• _TASK_:
Write out exactly the lines running from the one that contains "X0000073740089200608311921" through the end of the material.

• _GIVEN DATA_:
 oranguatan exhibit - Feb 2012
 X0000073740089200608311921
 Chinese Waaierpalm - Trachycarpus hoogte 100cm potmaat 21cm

• _RESPONSE TO THE EXERCISE_:
 X0000073740089200608311921
 Chinese Waaierpalm - Trachycarpus hoogte 100cm potmaat 21cm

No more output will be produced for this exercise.